Urielle Ohoukou prendra bientôt la suite de Marie-Noëlle Couderc, que nous remercions ici encore si chaleureusement pour son engagement indéfectible. Urielle se présente ici un peu plus et nous apporte son regard sur le rôle de notre association.

La grossesse est une période primordiale. Chaque femme doit pouvoir vivre ce moment entourée en sécurité, pour aujourd’hui et aussi pour demain.

J’ai 35 ans. Je suis née au Cameroun dans une petite ville qui s’appelle Dschang. Je suis Directrice adjointe à La Maison de Tom Pouce depuis juin dernier. Adolescente, je savais qu’il fallait que je travaille avec des personnes en difficulté. A 16 ans, je venais fraichement d’avoir mon bac. J’ai grandi dans une famille où ma mère a toujours été tournée vers les autres. Elle préparait tous les weekends des repas pour aller les distribuer dans les prisons. Cet altruisme a suivi toute ma vie et je me suis toujours dit que je devais avoir un impact auprès des personnes les plus fragiles. Être la voix de ceux qui n’ont pas de voix.
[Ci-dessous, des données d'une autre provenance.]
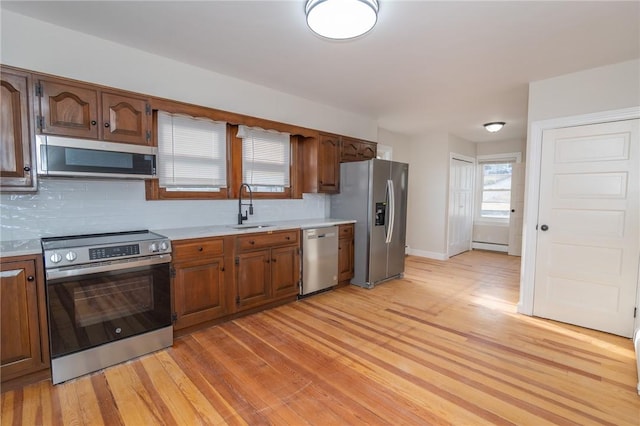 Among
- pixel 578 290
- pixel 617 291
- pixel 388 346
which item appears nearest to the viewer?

Protéger le tout-petit est ce qui m’anime. Aujourd’hui les femmes enceintes en difficulté sont invisibilisées. Tant que le bébé n’est pas là c’est comme s’il n’y avait aucun problème. Et cela m’attriste. Tant que le bébé n’est pas physiquement dans les bras de sa mère on ne s’inquiète pas. A La Maison de Tom Pouce on a envie de mettre la lumière là-dessus. Elles sont enceintes, bébé n’est pas encore visible, mais elles sont d’autant plus fragiles. Le bébé est là ! il est traversé par les mêmes émotions que sa mère. Il est traversé par tout ce qu’elle vit. C’est cela qui me touche dans le projet de La Maison de Tom Pouce : protéger le petit, le plus fragile avec la conviction que le respect de sa vie doit être dès le début de la grossesse. Et peu importe qui il est ou qui il sera et qui est sa maman : cet accueil doit être inconditionnel.

Urielle Ohoukou

Des femmes enceintes en difficulté doivent pouvoir venir se poser, prendre du temps pour elle, pour créer du lien avec leur enfant. Puis, elles pourront reprendre leur envol et partir sereinement vers la vie active. Dans nos deux maisons nos accueils se font en communauté, c’est de la vie partagée. Elles partagent avec les autres, la vie, le quotidien, les repas. Elles arrivent chez nous avec des parcours de vie difficiles, avec des bagages assez lourds. Notre objectif est qu’elles puissent se poser, se reposer et vivre la grossesse dans un environnement sécurisant et sécurisé. Faire leurs armes, apprendre à changer une couche, faire un biberon, laver un nez… Comment rassure-t-on un tout petit ? Comment lui propose-t-on un jeu ou de l’éveil ?

Tous les ateliers proposés, grâce aux dons que nous recevons, permettent d’occuper leur quotidien mais beaucoup plus largement contribuent à les armer efficacement. Notre objectif du quotidien est multiple. Qu’elles se sentent entourées, contenues comme dans un cocon. Mais aussi que nous puissions répondre à leurs questions, leurs angoisses. La vie communautaire « familiale » permet cela dans un espace chaleureux.

Souvent on les observe arriver plutôt méfiantes sur la réserve, sur la défensive. Puis il y a un temps où elles vont s’acclimater, se poser et entrer en lien avec les équipes. Souvent les changements sont infimes, ce n’est pas spectaculaire mais c’est profond. On observe une reprise de confiance en soi, une manière de s’exprimer qui va être différente. Le visage va être plus ouvert. La manière dont elles se regardent et regardent l’autre. La manière dont elles se présentent au monde est diamétralement opposé celui de la jeune femme que nous avons accueilli.